**Exercise prompt**
Transcribe the data exactly, stopping after the "Two models in" line.

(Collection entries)
- Opening Delimiter -

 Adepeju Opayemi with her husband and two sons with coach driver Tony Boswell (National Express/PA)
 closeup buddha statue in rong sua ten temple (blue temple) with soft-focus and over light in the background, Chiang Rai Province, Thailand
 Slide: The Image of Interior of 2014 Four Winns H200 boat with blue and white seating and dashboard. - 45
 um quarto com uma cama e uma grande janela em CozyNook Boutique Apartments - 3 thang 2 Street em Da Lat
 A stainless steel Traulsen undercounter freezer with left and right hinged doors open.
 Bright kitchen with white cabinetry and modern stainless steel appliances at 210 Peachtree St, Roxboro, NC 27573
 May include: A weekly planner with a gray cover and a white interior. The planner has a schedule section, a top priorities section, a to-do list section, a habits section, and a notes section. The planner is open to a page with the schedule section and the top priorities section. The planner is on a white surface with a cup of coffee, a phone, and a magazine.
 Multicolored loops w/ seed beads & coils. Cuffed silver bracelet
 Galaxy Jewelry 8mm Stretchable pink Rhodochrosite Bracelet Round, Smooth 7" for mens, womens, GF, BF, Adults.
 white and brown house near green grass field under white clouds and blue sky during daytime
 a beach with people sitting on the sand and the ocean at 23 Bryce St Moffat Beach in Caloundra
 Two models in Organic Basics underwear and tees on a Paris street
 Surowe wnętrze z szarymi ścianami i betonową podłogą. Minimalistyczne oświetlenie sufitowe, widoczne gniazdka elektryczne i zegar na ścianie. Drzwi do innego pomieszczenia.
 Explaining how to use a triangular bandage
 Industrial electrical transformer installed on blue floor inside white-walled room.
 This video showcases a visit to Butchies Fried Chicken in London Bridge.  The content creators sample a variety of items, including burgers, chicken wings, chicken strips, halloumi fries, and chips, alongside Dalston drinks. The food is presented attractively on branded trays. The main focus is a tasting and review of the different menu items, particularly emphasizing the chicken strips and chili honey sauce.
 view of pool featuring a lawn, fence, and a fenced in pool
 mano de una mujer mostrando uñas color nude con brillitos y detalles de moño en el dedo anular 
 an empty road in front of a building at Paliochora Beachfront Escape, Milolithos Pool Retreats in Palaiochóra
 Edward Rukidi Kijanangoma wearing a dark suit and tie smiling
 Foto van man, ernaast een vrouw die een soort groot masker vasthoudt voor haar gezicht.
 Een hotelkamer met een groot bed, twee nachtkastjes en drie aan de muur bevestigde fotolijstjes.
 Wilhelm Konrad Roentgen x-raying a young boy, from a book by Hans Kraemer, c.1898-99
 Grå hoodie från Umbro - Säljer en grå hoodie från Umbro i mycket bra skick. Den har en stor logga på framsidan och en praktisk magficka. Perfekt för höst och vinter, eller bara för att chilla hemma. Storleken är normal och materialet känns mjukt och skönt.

- Closing Delimiter -

**Solution to this task**
 Adepeju Opayemi with her husband and two sons with coach driver Tony Boswell (National Express/PA)
 closeup buddha statue in rong sua ten temple (blue temple) with soft-focus and over light in the background, Chiang Rai Province, Thailand
 Slide: The Image of Interior of 2014 Four Winns H200 boat with blue and white seating and dashboard. - 45
 um quarto com uma cama e uma grande janela em CozyNook Boutique Apartments - 3 thang 2 Street em Da Lat
 A stainless steel Traulsen undercounter freezer with left and right hinged doors open.
 Bright kitchen with white cabinetry and modern stainless steel appliances at 210 Peachtree St, Roxboro, NC 27573
 May include: A weekly planner with a gray cover and a white interior. The planner has a schedule section, a top priorities section, a to-do list section, a habits section, and a notes section. The planner is open to a page with the schedule section and the top priorities section. The planner is on a white surface with a cup of coffee, a phone, and a magazine.
 Multicolored loops w/ seed beads & coils. Cuffed silver bracelet
 Galaxy Jewelry 8mm Stretchable pink Rhodochrosite Bracelet Round, Smooth 7" for mens, womens, GF, BF, Adults.
 white and brown house near green grass field under white clouds and blue sky during daytime
 a beach with people sitting on the sand and the ocean at 23 Bryce St Moffat Beach in Caloundra
 Two models in Organic Basics underwear and tees on a Paris street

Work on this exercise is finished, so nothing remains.